According to the government’s court filings, Hasbajrami sent over $1,000 to Pakistan to support his contact’s terrorist efforts. When asked to collect money from fellow Muslims for the terrorist cause, Hasbajrami reported that fundraising was difficult in New York because his fellow Muslims became apprehensive “when they hear it is for jihad.”
Hasbajrami’s failure to raise funds underscores what polling has long demonstrated: that Muslim Americans overwhelmingly reject violence.
Despite this evidence, Islamophobic terrorism “experts” — such as those profiled in CAP’s report “Fear, Inc.: The Roots of the Islamophobia Network In America” — and politicians like Rep. Peter King (R-NY) tend to view the presence of Islam, writ large, as a terrorism problem in the U.S. The Islamophobic “experts” fail to distinguish between radical Islamic extremists and the broader Muslim population, and King’s hearings on domestic radicalization focused only on Islamic extremists.

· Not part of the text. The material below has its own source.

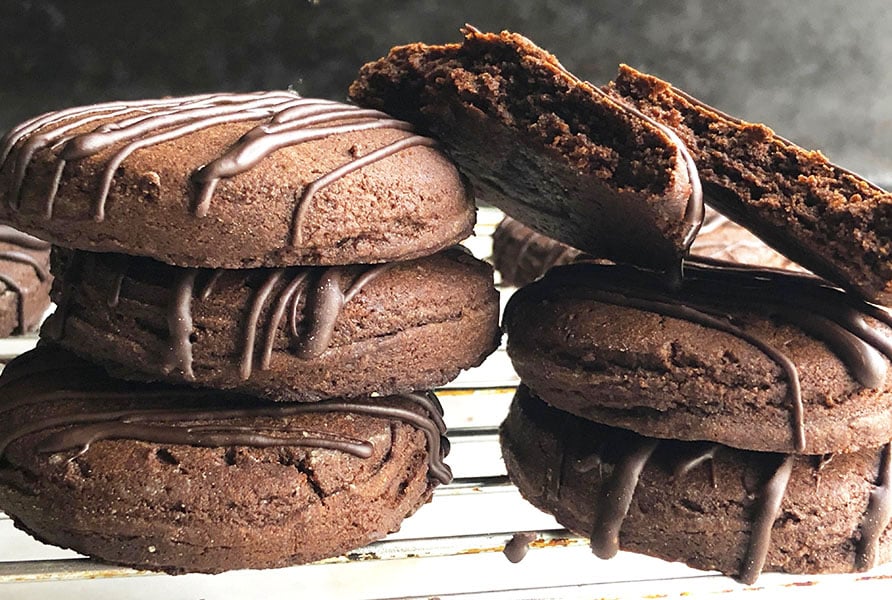 4 ingredients Condensed Milk Chocolate Cookies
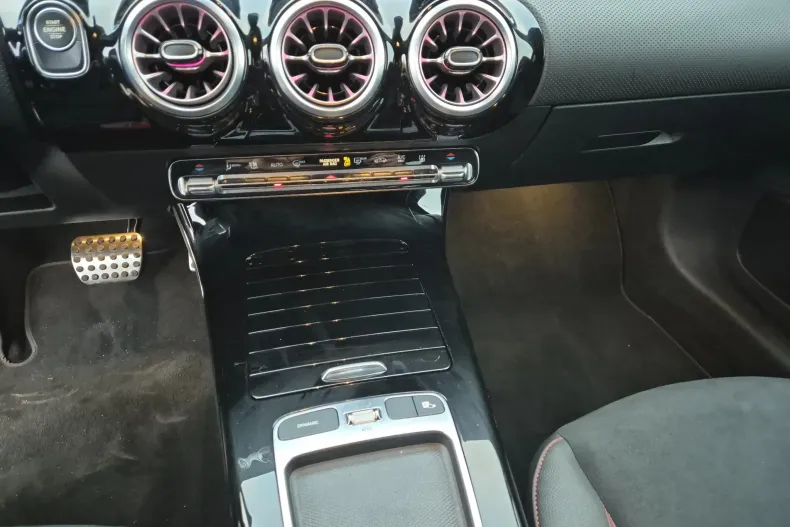 Mercedes-Benz CLA din 2024 cu 10.660 km - oferta MER144770 - foto 19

The reality is that ordinary American Muslims have been helpful in the U.S. effort to combat terror at home. Sociologist Charles Kurzman, who talked to ThinkProgress last week, found so far in a study that about one third of the tips that led to foiled terror plots came from the Muslim American community itself. Kurzman noted that the threat from Muslim terrorism was actually quite small compared with other threats to public safety.